The expected answer holds every line from the first line of the data below through the line containing "Hangulatos Tarsashazi Apartman", exactly as written, and no other line.

Records for this task:
###

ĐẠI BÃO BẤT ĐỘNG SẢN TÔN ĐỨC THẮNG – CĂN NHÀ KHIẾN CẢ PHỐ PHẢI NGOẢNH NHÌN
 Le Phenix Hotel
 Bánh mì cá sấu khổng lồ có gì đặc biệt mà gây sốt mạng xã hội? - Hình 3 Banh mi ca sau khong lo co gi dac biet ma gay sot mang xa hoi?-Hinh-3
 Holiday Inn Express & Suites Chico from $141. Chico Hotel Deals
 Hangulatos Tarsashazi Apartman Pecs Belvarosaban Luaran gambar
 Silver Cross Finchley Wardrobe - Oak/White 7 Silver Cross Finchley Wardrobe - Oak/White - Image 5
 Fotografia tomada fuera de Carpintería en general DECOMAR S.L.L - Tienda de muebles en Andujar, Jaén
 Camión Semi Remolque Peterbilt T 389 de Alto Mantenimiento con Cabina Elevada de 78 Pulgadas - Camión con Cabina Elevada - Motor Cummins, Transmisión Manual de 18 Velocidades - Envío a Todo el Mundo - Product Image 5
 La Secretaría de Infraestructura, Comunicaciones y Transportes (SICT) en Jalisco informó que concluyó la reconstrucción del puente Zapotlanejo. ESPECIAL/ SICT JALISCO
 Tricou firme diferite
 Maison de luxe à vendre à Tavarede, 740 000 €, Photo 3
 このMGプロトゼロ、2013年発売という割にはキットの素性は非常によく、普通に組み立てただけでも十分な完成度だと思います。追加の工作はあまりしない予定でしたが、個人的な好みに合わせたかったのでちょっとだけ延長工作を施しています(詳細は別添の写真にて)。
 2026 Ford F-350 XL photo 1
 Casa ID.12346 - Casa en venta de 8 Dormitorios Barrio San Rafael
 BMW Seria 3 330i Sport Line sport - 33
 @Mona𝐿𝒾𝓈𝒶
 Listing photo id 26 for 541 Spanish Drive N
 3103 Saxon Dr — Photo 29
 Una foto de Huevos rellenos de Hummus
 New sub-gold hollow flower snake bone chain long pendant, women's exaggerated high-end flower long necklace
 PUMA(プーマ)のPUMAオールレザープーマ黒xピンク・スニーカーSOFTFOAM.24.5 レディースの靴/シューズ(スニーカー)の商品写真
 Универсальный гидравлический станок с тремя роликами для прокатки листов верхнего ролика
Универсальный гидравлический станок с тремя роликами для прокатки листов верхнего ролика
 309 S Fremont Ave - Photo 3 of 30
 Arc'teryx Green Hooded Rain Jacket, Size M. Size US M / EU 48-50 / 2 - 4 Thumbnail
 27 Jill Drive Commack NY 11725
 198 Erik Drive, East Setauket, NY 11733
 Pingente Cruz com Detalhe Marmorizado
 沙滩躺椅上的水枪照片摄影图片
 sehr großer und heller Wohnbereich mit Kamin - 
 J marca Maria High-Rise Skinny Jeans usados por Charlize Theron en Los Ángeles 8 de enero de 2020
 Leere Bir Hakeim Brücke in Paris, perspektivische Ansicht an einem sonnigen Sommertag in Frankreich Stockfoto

###

Output of the exercise:
ĐẠI BÃO BẤT ĐỘNG SẢN TÔN ĐỨC THẮNG – CĂN NHÀ KHIẾN CẢ PHỐ PHẢI NGOẢNH NHÌN
 Le Phenix Hotel
 Bánh mì cá sấu khổng lồ có gì đặc biệt mà gây sốt mạng xã hội? - Hình 3 Banh mi ca sau khong lo co gi dac biet ma gay sot mang xa hoi?-Hinh-3
 Holiday Inn Express & Suites Chico from $141. Chico Hotel Deals
 Hangulatos Tarsashazi Apartman Pecs Belvarosaban Luaran gambar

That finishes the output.